Let’s have the following features in the revised ggplot plot:
a title and a subtitle, explaining the purpose and meaning of the plot
a caption that shows where the plot can be later found (for further inspection)
removal of the redundant x-axis label (it’s obvious we are looking at months)
an improved y-axis label and values formatted as currency values
points sized by the number of users in the grouping
a somewhat more minimal theme
We can make this all possible. The labs() function makes it easy to set the title, the subtitle, and the caption. Here we make the title describe what’s in the plot in general terms (Comparison of IAP Spend by Campaign Type in 2015") and the subtitle will have more specific information ("Aggregate of IAP spend per day (on active days) by campaign type."). You could even add in some statements that summarize the key findings in the subtitle. By using x = NULL in labs(), we effectively remove the x-axis label (which is not really needed here). The y-axis label is also given text that is specific and informative.
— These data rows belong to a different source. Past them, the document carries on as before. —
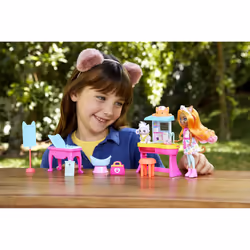 Enchantimals City Tails Cabinet médical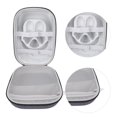 thumbnail image 5 of M Buder Premium VR Storage Bag Oxford Cloth Shockproof EVA Portable VR Carrying Case for Meta Quest 3S Headset & Controller, Travel Ready Hard Shell Protector (13.78 inches / 35.0 cm Length)[cite: 1], 5 of 9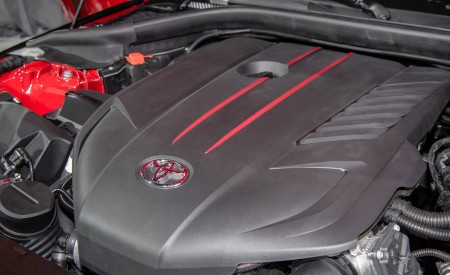 2020 Toyota Supra Engine Wallpapers 450x275 (140)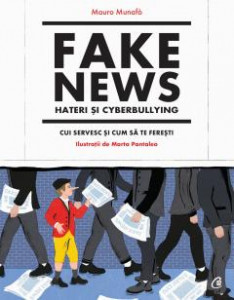 Fake News : hateri și cyberbullying
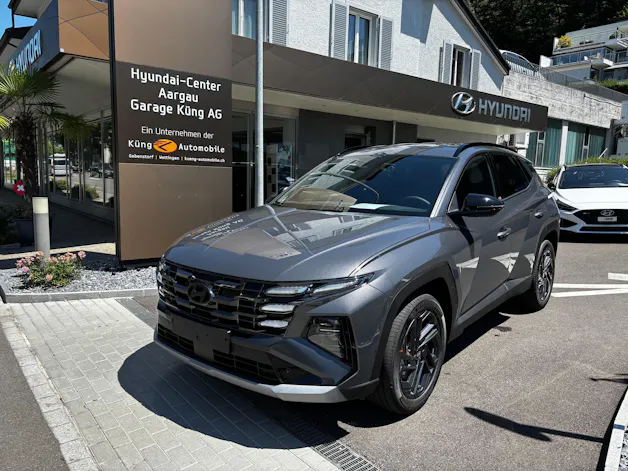 Hyundai 1.6 TGDI HEV Origo Black Line 4WD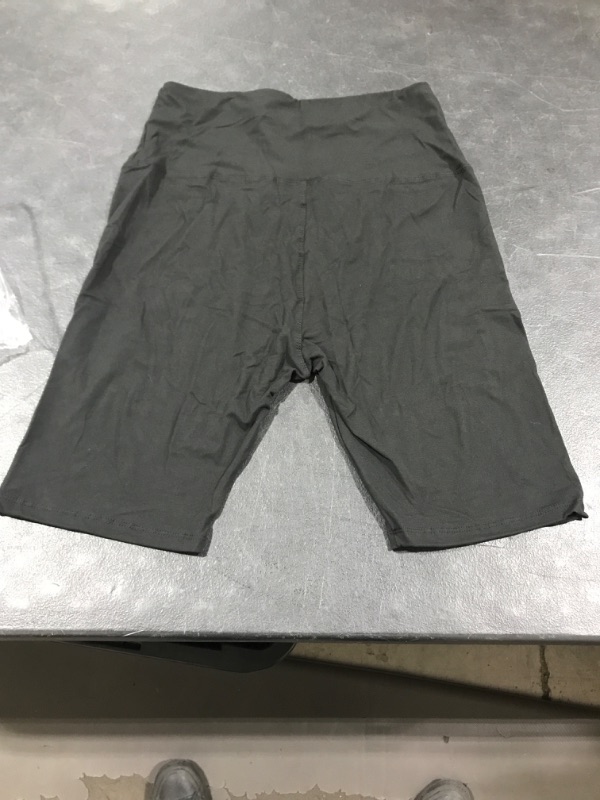 Photo 1 of BLACK BIKER SHORTS CHILDS SIZE LARGE 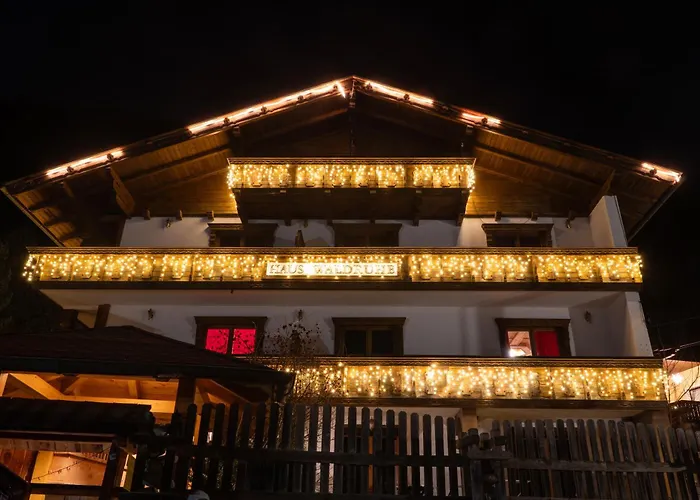 Haus Waldruhe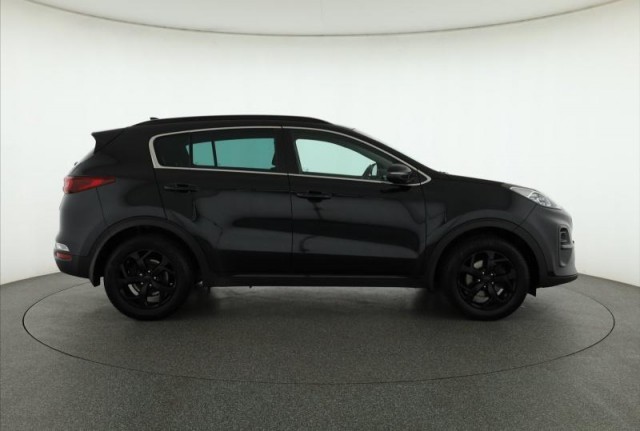 Kia Sportage  1.6 T-GDI 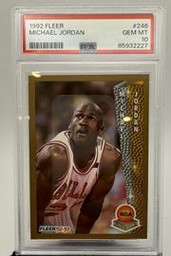 Award Fleer (PSA)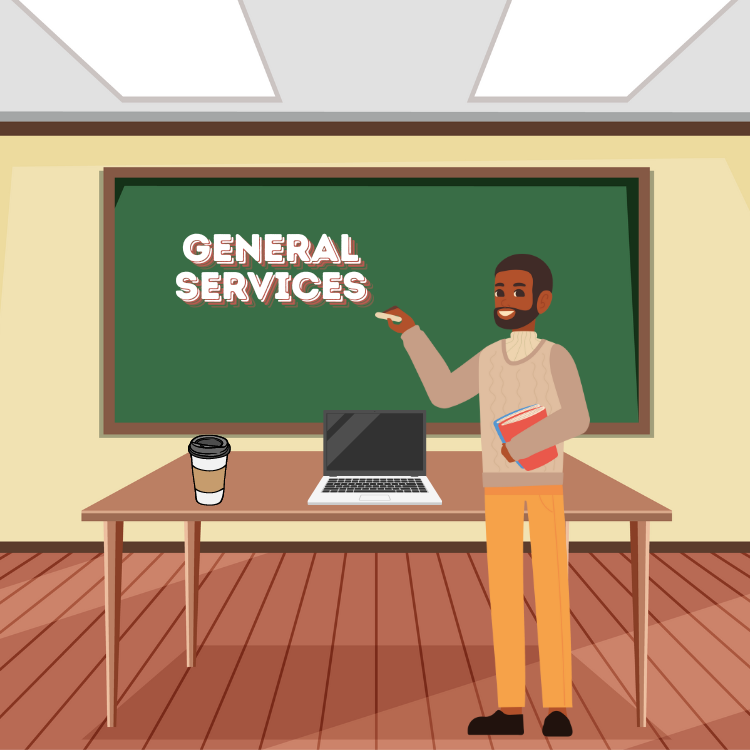 Services — CRWR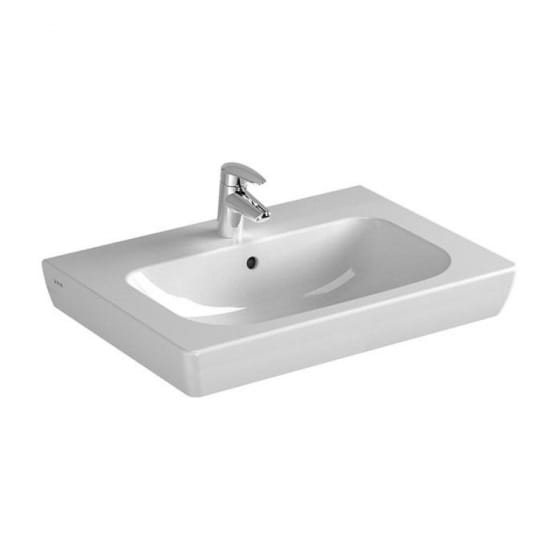 Image of VitrA S20 Semi Recessed Basin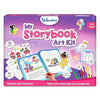 Skillmatics Unicorn & Princesses Art Kit Write & Create Storybooks Creative Activity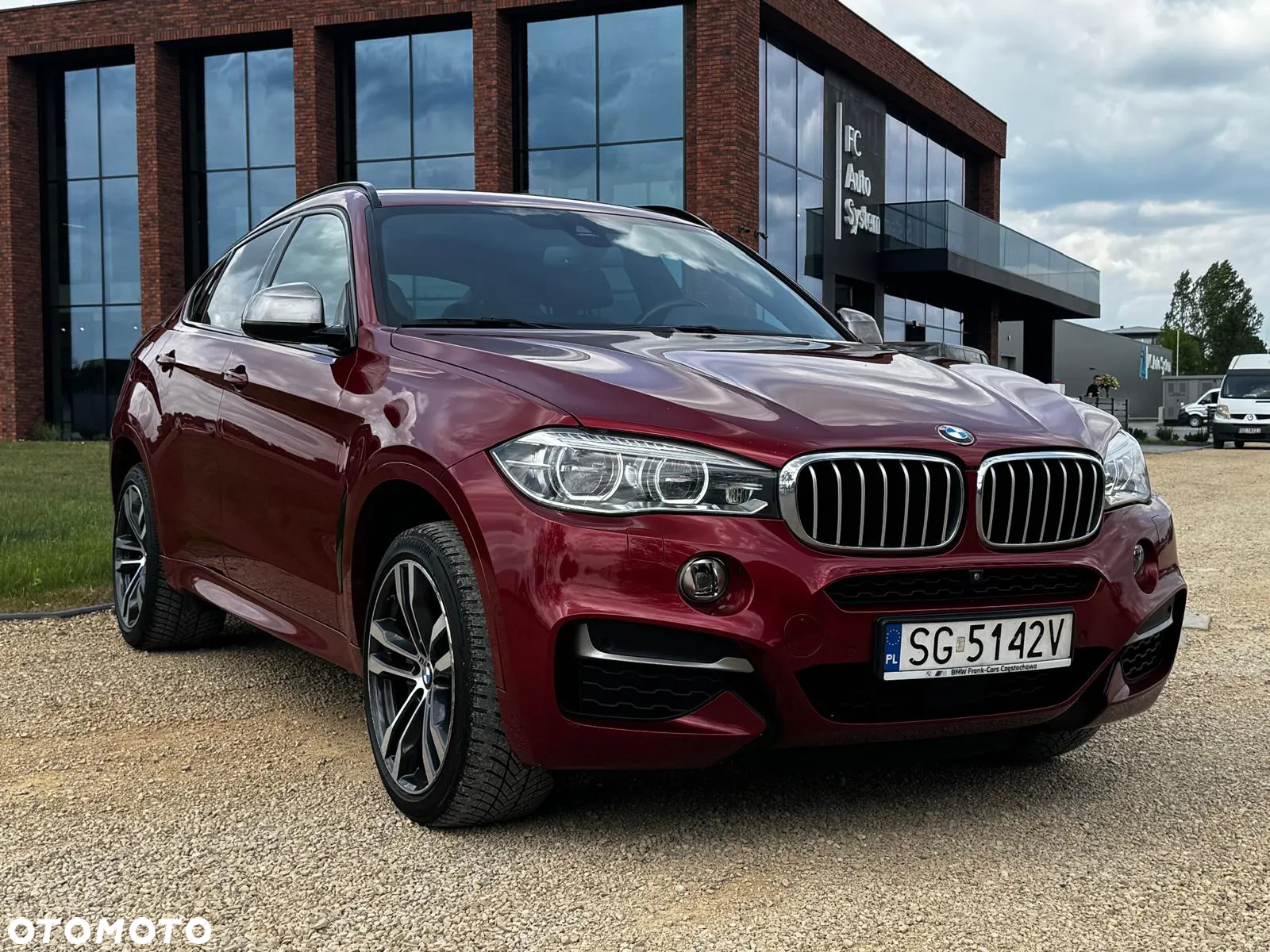 BMW X6M M50d - 17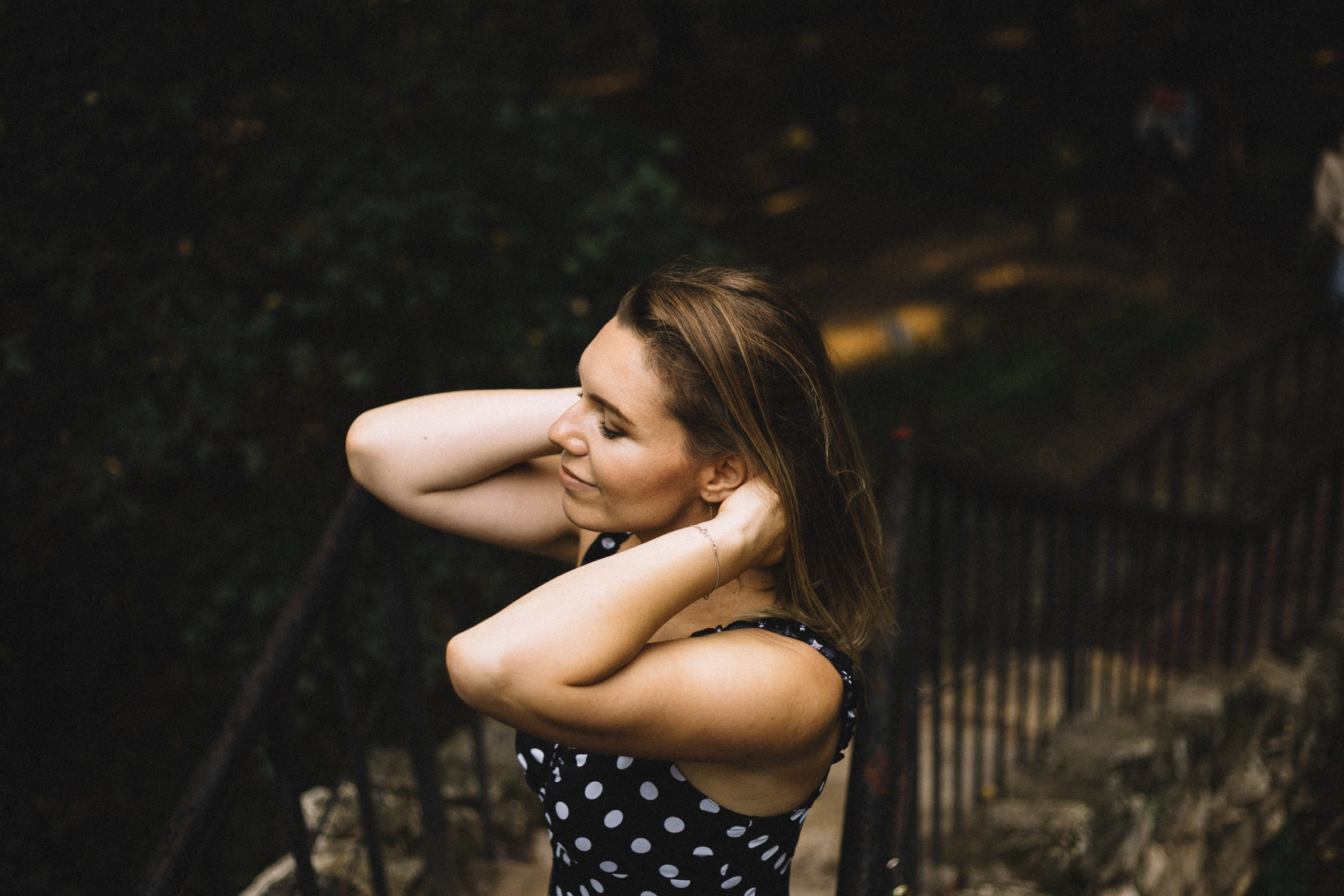 Танюша. Женский и репортажный фотограф Москва Натали Смирнова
With the \n used in the y argument, we can add in a line break since the label text is quite long.
The number of users per group is available in the users_daily_summary_by_acquisition_month table and we can visualize these values by including the n_users variable in the size aesthetic. A legend will be added to help readers get a sense of how many users occupy each group. Speaking of legends, we have one for the acquisition variable. If we’re not happy with the naming of the groups (since they’ll appear in the legend), we could use mutate() with an ifelse() statement and rename specific groups. Here, we’ve elected to rename "other_campaign" to "other" so that less room is taken up by the legend.
ggplot(users_daily_summary_by_acquisition_month|>mutate(acquisition =ifelse(acquisition=="other_campaign", "other", acquisition)),aes(x =month, y =mean_rev_iap_day, color =acquisition, size =n_users))+geom_point()+scale_y_continuous(labels =scales::dollar_format())+labs( title ="Comparison of IAP Spend by Campaign Type in 2015", subtitle ="Aggregate of IAP spend per day (on active days) by campaign type.", caption ="Plot available in the weekly report as 'iap_by_acquisition_month'.", x =NULL, y ="Monthly Averaged Mean Daily\nRevenue from IAP Spend")+theme_minimal()
We did quite a few things to make the plot better to share with others. Because this plot contains more information encoded in its aesthetics, it makes it easier to explain to other people during presentations or meetings. Further to this, the plot would be easier to understand even if the author is not available to explain it.